Der Antrag auf Wiederherstellung der aufschiebenden Wirkung des Widerspruchs der Antragstellerin hat keinen Erfolg, weil Nr. I des Bescheids der Stadt Augsburg bei der nur möglichen summarischen Prüfung rechtmäßig erscheint und eine gegenseitige Interessenabwägung bei dieser Sach- und Rechtslage zu Lasten der Antragstellerin geht.

Das Verwaltungsgericht geht zutreffend davon aus, dass vorliegend die öffentliche Ordnung nicht dadurch gefährdet wird, dass die Antragstellerin gerade am 1. Mai, einem Tag mit besonderer Symbolkraft, ihre Versammlung durchführen will. Ebenso richtig ist die Auffassung des Verwaltungsgerichts, dass die Bezugnahme auf rechtswidrige Handlungen und Straftaten, die in der Vergangenheit im Zusammenhang mit Veranstaltungen der Antragstellerin begangen worden sind, für die Annahme der Behörde, auch bei der Veranstaltung am 1. Mai 2001 in Augsburg sie mit hoher Wahrscheinlichkeit mit gewalttätigen Aktionen der Teilnehmer zu rechnen, für ein Verbot nicht ausreicht. Geschehnisse aus der Vergangenheit im Zusammenhang mit Versammlungen der Antragstellerin sind allerdings geeignet, vom Veranstalter besondere Sicherheitsvorkehrungen zu fordern.

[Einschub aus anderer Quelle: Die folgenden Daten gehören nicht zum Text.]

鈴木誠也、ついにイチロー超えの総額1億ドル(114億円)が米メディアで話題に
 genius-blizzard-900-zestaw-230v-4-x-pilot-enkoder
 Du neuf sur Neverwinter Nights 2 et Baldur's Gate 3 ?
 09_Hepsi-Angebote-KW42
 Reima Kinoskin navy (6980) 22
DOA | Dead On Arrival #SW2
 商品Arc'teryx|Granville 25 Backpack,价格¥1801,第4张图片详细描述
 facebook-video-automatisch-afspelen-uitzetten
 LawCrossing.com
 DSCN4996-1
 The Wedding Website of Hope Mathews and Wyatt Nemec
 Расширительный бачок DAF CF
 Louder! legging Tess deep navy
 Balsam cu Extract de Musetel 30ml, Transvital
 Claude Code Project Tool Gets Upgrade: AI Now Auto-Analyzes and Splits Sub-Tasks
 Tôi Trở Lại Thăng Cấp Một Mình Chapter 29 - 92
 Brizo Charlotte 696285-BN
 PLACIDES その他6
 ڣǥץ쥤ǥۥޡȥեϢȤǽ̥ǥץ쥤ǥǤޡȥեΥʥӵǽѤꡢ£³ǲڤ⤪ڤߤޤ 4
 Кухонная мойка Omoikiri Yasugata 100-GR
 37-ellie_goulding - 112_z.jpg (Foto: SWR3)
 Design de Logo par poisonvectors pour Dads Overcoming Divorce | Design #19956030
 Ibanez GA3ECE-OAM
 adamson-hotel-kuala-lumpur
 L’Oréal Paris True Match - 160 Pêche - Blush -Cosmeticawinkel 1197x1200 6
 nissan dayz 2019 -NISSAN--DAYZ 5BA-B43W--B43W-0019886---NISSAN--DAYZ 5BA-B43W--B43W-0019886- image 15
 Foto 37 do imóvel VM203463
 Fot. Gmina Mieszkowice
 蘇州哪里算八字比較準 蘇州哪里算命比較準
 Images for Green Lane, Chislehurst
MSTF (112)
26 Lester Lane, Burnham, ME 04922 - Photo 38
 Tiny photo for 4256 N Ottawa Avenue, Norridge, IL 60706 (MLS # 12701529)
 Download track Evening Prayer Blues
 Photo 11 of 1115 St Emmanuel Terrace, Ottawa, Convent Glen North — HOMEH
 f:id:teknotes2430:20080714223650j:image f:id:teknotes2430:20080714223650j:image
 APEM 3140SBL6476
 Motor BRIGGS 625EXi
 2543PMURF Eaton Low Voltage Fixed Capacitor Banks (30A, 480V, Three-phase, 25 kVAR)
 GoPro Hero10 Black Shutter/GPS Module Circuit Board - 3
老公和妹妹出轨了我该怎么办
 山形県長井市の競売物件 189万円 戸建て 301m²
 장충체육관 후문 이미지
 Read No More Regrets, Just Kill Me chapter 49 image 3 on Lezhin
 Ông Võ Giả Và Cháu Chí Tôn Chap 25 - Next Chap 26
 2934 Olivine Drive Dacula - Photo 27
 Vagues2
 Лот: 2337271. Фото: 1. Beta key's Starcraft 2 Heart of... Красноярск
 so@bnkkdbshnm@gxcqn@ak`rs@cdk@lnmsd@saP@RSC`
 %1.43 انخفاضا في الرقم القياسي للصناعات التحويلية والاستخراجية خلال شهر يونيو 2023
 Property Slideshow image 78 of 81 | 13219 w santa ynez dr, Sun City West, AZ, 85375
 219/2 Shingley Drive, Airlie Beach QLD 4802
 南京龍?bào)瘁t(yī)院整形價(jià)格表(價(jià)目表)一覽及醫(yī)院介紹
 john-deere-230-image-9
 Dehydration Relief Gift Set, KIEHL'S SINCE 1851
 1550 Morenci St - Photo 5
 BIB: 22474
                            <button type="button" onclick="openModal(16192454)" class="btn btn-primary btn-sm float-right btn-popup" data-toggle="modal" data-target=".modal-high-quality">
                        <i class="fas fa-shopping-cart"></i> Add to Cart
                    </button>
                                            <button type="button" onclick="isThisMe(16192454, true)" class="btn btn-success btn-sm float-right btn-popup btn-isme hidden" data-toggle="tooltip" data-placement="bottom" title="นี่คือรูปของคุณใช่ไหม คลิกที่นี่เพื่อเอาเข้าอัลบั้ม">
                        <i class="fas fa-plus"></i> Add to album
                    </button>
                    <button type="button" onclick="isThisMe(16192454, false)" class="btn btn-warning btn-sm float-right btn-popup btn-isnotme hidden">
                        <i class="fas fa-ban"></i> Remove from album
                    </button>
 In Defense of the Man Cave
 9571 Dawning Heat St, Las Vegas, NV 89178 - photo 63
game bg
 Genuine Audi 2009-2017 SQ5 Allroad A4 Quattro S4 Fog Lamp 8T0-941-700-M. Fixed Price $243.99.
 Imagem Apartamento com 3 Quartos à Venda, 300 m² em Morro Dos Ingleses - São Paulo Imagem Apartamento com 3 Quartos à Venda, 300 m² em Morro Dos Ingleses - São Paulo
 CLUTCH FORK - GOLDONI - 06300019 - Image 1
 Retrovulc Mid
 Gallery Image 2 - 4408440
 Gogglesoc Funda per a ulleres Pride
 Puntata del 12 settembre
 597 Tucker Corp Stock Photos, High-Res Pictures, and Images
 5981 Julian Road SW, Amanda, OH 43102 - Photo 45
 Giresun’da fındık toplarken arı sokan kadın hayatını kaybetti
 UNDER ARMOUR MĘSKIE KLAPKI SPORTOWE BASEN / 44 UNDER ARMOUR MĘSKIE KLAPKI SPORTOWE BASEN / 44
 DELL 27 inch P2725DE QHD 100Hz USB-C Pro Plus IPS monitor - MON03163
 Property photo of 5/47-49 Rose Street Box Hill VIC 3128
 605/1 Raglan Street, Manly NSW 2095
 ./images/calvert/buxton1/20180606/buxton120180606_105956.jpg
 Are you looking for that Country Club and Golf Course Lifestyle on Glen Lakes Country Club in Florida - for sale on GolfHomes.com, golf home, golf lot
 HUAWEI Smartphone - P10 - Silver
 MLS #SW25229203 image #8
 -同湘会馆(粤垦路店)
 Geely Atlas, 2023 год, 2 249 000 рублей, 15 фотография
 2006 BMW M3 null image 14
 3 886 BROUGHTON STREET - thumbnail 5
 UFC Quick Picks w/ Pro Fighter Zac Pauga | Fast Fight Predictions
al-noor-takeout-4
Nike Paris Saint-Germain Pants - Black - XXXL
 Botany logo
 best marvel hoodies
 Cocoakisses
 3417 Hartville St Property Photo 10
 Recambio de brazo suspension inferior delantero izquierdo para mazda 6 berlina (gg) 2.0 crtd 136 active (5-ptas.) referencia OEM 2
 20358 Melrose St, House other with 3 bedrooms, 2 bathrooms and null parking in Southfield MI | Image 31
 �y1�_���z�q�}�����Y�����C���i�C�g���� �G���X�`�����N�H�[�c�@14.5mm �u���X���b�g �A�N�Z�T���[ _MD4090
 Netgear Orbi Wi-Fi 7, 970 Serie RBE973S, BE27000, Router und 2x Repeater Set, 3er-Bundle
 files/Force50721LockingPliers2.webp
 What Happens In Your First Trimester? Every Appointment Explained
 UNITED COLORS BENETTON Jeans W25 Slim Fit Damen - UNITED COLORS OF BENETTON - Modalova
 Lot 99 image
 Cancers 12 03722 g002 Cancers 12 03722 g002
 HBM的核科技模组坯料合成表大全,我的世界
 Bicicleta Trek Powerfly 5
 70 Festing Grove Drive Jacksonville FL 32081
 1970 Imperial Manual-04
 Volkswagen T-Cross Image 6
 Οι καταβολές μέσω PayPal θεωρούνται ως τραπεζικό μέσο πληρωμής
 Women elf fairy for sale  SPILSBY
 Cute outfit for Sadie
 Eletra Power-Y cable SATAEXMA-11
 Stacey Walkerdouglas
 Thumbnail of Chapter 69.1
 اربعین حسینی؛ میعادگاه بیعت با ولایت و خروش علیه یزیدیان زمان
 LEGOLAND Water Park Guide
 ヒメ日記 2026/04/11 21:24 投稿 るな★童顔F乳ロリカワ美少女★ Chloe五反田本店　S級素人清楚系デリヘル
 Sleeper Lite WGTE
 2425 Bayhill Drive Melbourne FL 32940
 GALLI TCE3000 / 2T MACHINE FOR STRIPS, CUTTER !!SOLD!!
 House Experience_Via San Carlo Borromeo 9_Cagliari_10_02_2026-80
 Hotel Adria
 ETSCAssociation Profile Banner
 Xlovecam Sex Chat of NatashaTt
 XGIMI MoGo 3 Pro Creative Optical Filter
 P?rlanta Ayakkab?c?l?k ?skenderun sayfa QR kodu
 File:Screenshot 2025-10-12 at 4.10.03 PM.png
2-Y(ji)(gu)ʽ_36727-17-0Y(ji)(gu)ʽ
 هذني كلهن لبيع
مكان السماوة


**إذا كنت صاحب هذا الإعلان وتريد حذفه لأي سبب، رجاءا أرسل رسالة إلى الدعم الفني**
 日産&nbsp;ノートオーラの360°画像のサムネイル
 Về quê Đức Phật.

Der Senat teilt nicht die Einschätzung des Verwaltungsgerichts, dass konkrete Tatsachen, die einen unfriedlichen Verlauf der Versammlung befürchten lassen, nicht vorliegen.

Nach der Rechtsprechung des Bundesverfassungsgerichts (BVerfG vom 14.7.2000 1 BvR 1245/00, NJW 2000, 3051) haben die für die Durchführung der Versammlung Verantwortlichen alles erforderliche zu unternehmen, um befürchtete Gewaltätigkeiten aus der Versammlung heraus zu unterbinden. Der verantwortliche Leiter hat bereits im Vorfeld deutliche Signale zu setzen, die auf die Gewaltfreiheit der Versammlung ausgerichtet sind. In diesem Zusammenhang hat die Antragstellerin an der Aufklärung des Sachverhalts und der Zerstreuung von Sicherheitsbedenken der Behörde nicht mitgewirkt. Folgende konkrete Anhaltspunkte deuten auf eine Gefahr für die öffentliche Sicherheit hin, die ausreicht, um die sofortige Vollziehung der Verbotsverfügung aufrecht zu erhalten:

Mit Schreiben vom 28. Februar 2001 hat Herr A. F. die Demonstration mit Kundgebung bei der Stadt Augsburg angemeldet und sich selbst als stellvertretenden Versammlungsleiter und Leiter des Ordnungsdienstes benannt. Bei dem Koordinationsgespräch vom 5. April 2001 gaben er und Herr R., der als Redner auftreten soll, an, dass es keine Anhaltspunkte für die Teilnahme verbotener Vereinigungen oder militanter Gruppen gebe. Nach derzeitigem Wissensstand führen diese nach Frankfurt, da dort Abschlussveranstaltungen und u.a. ein „Skinhead-Konzert” stattfanden. Bei einem weiteren Kooperationsgespräch am 18. April 2001 erklärte Herr F. auf nachdrückliche Befragung, welche Erkenntnisse hinsichtlich der Teilnahme von Skinheads vorlägen, dass „ganze Gruppen auf jeden Fall nicht kämen und hundertprozent keine Gewaltbereiten”. Herr O., ein weiterer vorgesehener Redner, führte hierzu aus, dass „Skinhead-Gruppen nicht da seien, die Leute vielleicht in die Rubrik Skinheads einzuordnen seien, diese aber nicht gewalttätig seien”. Nachträglich stellte sich anhand polizeilicher Ermittlungen im Internet heraus, dass Herr F. als Buskoordinatior für eine am 1. Mai in Frankfurt stattfindende Veranstaltung fungierte. Im Anschluss an eine Veranstaltung der Freien Nationalisten in Frankfurt ist an deren Kundgebung ein „Skinhead-Konzert” geplant. Für den Fall des Verbots der Veranstaltung in Frankfurt äußerten die Vertreter der Stadt Augsburg bei dem Kooperationsgespräch am 18. April 2001 gegenüber den Verantwortlichen, dass deren Umdirigieren nach Augsburg befürchtet werde. Die Frage, wie der Versammlungsleiter in einem derartigen Falle reagieren werde, beantwortete Herr F., dass man 50 bis 100 Le...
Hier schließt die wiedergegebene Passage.